Yazıları, yaptığı haberleri, yayınlanan kitapları ile yurt gündemine yön veren Saygı Öztürk ile ilgili 'ahkam kesenler' aslında bildiklerinden değil, büyük bir çoğunluğunun farklı bir psikolojisi ile hareket ettiğini görmek, ister istemez insanı üzüyor. Hele bunu yapanlar 'Yozgat'ı Yozgatlıyı savunma' adına yaptığını söyleyerek, yola çıkmaya kalkışınca, ortaya çok komik bir durum çıkmaktadır...
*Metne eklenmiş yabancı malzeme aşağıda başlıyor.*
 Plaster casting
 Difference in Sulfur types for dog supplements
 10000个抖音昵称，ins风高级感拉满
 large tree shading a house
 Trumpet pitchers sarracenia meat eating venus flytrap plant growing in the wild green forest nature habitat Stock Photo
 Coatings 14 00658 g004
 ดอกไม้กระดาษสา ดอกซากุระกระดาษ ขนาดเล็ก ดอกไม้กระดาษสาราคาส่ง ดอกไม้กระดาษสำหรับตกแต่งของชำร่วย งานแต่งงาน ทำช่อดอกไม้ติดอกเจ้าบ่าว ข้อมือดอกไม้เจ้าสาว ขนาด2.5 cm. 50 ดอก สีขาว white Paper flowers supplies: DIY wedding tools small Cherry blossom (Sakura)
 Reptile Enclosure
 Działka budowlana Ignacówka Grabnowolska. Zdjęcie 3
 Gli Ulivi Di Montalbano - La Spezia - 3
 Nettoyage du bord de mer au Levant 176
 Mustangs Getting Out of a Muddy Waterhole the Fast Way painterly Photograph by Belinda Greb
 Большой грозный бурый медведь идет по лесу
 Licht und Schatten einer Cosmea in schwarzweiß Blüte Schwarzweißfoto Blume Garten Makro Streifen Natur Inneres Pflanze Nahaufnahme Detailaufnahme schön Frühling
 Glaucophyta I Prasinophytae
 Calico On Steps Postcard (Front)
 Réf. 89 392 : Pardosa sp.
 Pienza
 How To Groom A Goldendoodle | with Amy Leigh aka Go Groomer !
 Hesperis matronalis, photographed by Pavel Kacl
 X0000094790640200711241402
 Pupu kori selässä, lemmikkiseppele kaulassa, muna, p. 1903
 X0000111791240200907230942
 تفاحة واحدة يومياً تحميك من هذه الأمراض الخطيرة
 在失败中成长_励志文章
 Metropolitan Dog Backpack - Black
Saygı Öztürk; Henüz gençlik yıllarının ilk günlerine ayak basmaya hazırladığı dönemde Yerköy ilçesinde amatör bir ruh ile başladığı gazetecilik serüvenini zirveye taşırken, doğruyu yansıtmak için vermiş olduğu mücadelede, hırpalanmayı da, dayak yemeyi de göze almış bir isimdir. Doğru bilgiye ulaşmak, dün çok zordu. Bugün bilgi kirliliği içerisinden doğru olanları bulmak, onları değerlendirmek mesleki bir tecrübe ve ahlakı gerektirmektedir. Saygı Öztürk ve Saygı Öztürk gibi gazeteciler, doğru bilgileri  okurlarına ulaştırmak için vermiş oldukları mücadelede hiç bir zaman kasıtlı, taraflı, yalan, iftira gibi konulara tenezzül etmezler, etmemişlerdir. Ama, doğruyu bulmaya çalışırken, ulaşılan bilgi ve belgelere bağlı olarak yanlışlık yapılabilir. Eğer bir yanlışlık söz konusu ise, bunun için her zaman özür dilenmiş, dilenmektedir. Bu da bir erdemliliktir...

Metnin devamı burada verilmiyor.